Playing with Nature

The estimated harvest dates for Doctor's vineyard in the Santa Lucia Highlands are September 8 - 16 and for Annahala vineyard in Anderson Valley it's September 26 - October 10 (note that the Doctor's timing has been moved up by a week since our last update).  Why the spread?  Why the secrecy?  It sounds like a conspiracy by Southwest Airlines to force us to buy the most expensive seats at the last minute possible.  If you're vexed, we are too.  But in reality, deciding when to pick your grapes is arguably the most important winemaking decision one makes after selecting a grape variety.  After all, the flavor of the grapes at harvest and the sugar level at that moment, largely predetermine the outcome of your finished product.  While oak barrel aging can soften some viticultural sins, wood can only ameliorate a finite amount of damage before your wine tastes like a 2 x 4 plank from Home Depot.  So really, it all begins with the caliber of your fruit. Being practical, we give a range of dates because a vineyard may not ripen evenly.  Vines further up or down a slope, facing more southwardly, closer to an irrigation drip line, or under the shade of a nearby tree may ripen before or after berries at the other end of a property.  Some vintners specifically pick and re-pick at delayed intervals, forcing Nature's hand and playing the odds, hoping for a little more sun and a bit more sweetness.  Harvest roulette is routinely practiced among Germany's vineyards, where acreage is planted at the northernmost limit of viticultural boundaries, so maximizing sugar is the foremost objective.  Wait one more day and perhaps you'll be rewarded with that coveted bump in brix, but gambling for sunshine (and subsequently more sugar) is always tempered by the threat of rain, rot, and unusable fruit.  Josh Jensen of Calera Wine Company here in California has famously oscillated between keeping grapes from first, middle and final harvest sweeps together or separate and treated uniquely. 
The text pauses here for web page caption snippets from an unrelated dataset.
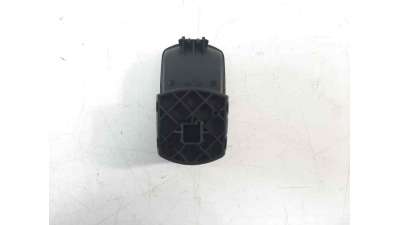 MANDO ELEVALUNAS DELANTERO DERECHO OPEL CORSA E  - M.924938 / 13430018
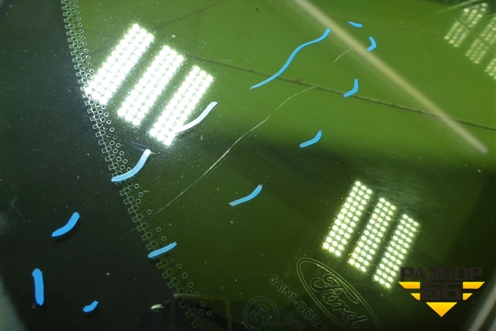 Стекло глухое правое для Ford Focus 2 с 2005-2008г (Фокус)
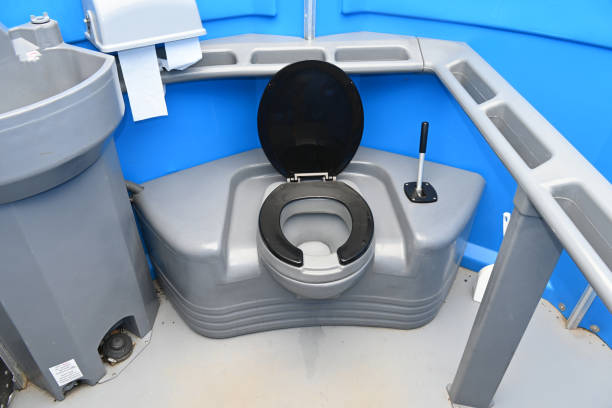 Best Porta potty rental near me  in Jonesville, MI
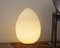 Italienische Vintage Egg Tischlampe aus mattweißem Muranoglas 5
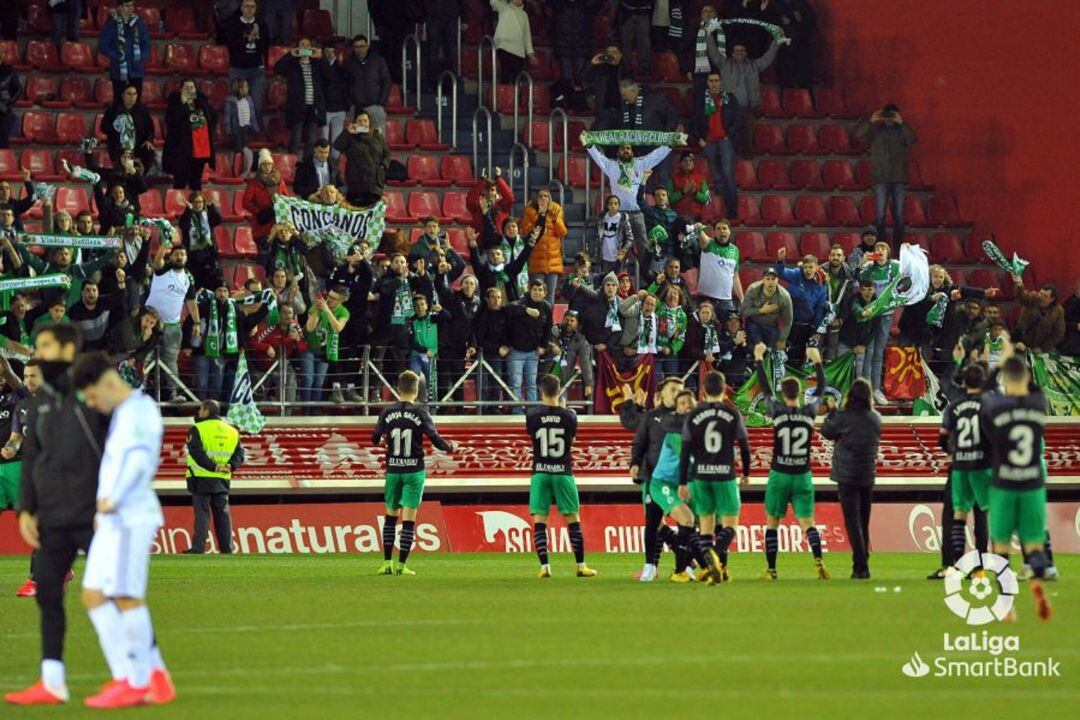 Los jugadores agradeciendo el apoyo de la afición en la última victoria en Soria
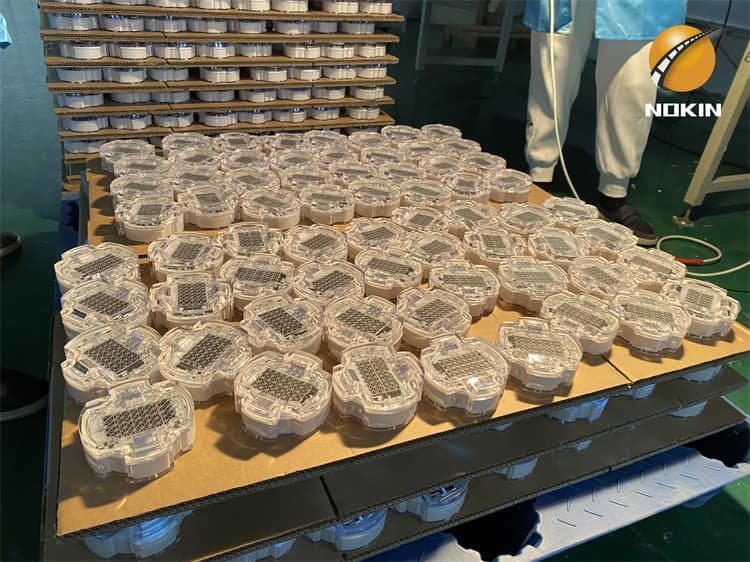 Waterproof Aluminum Solar Road Studs with CE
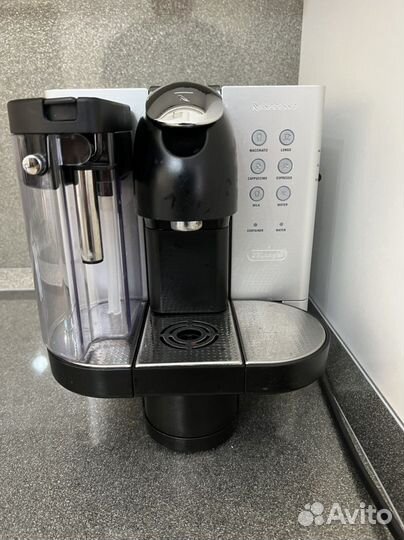 Кофемашина Delonghi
So it would seem that waiting longer to harvest your fruit is better, right?  At budbreak, spring's minute, green berries are characterized by mouth-puckering acidity.  This gradually mellows to balanced sweetness after veraison, as grapes mature from hard green nodules into succulent, purple globes.  You'd imagine that since "riper," sweeter fruit contains greater natural sugar, this yields a more desirable end product.  Indeed some regions like the Southern Central Coast (think Santa Barbara) are lauded for "long hang times," where grapes have spent more time on the vine, theoretically developing a fuller, more intricate and layered flavor profile.  Yet as grapes grow and pulp increases, acid is diluted, which is not necessarily a desirable attribute.  After all, some acid is compulsory for structure, balance, and spunky vibrancy.  And so it appears the best fruit hails from a long, steady stint on the vine with just enough sugar that acid isn't sacrificed completely.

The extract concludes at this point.